Try it: Please retype the records below exactly as they appear, but leave out the pictures.

Recorded data:
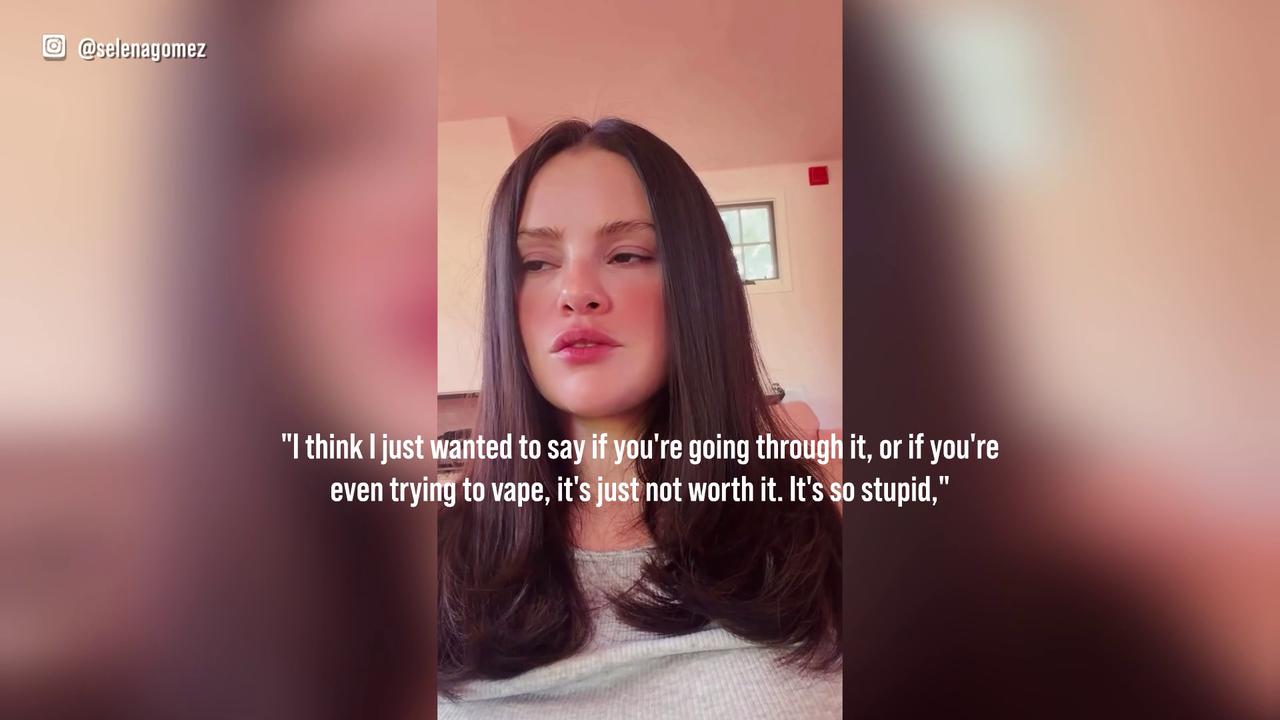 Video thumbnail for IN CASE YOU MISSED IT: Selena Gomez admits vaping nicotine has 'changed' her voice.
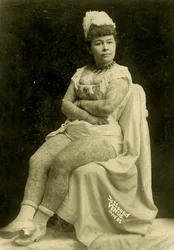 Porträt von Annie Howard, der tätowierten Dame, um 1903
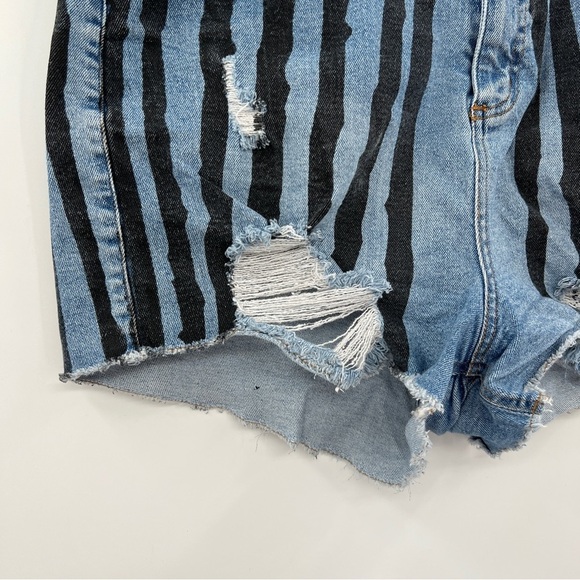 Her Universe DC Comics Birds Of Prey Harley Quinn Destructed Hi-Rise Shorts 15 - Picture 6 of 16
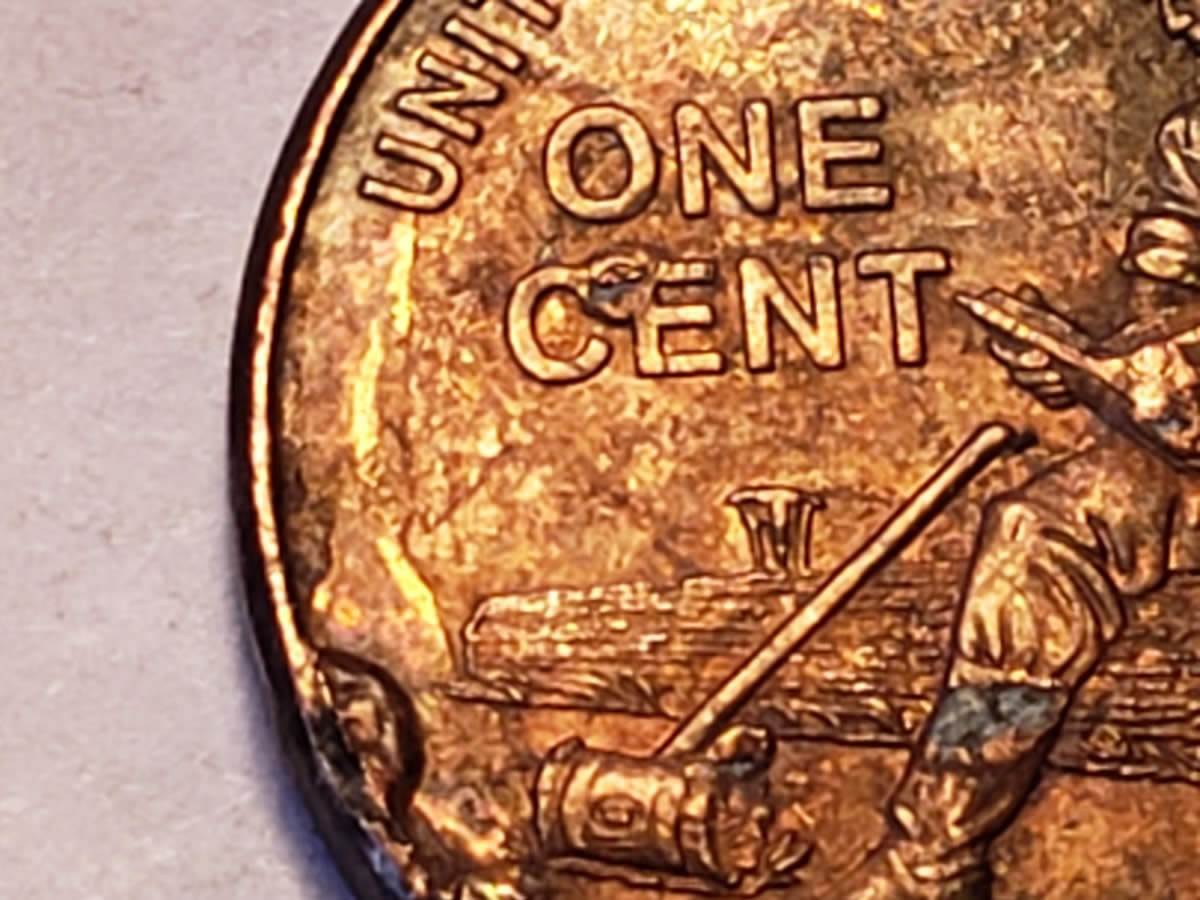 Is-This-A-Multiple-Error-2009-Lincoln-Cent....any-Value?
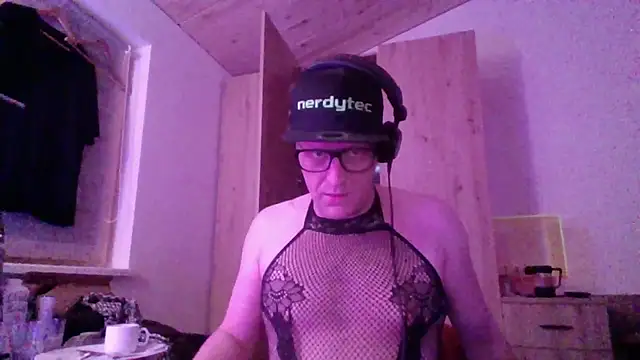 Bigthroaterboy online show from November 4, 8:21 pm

Answer section:
 Video thumbnail for IN CASE YOU MISSED IT: Selena Gomez admits vaping nicotine has 'changed' her voice.
 Porträt von Annie Howard, der tätowierten Dame, um 1903
 Her Universe DC Comics Birds Of Prey Harley Quinn Destructed Hi-Rise Shorts 15 - Picture 6 of 16
 Is-This-A-Multiple-Error-2009-Lincoln-Cent....any-Value?
 Bigthroaterboy online show from November 4, 8:21 pm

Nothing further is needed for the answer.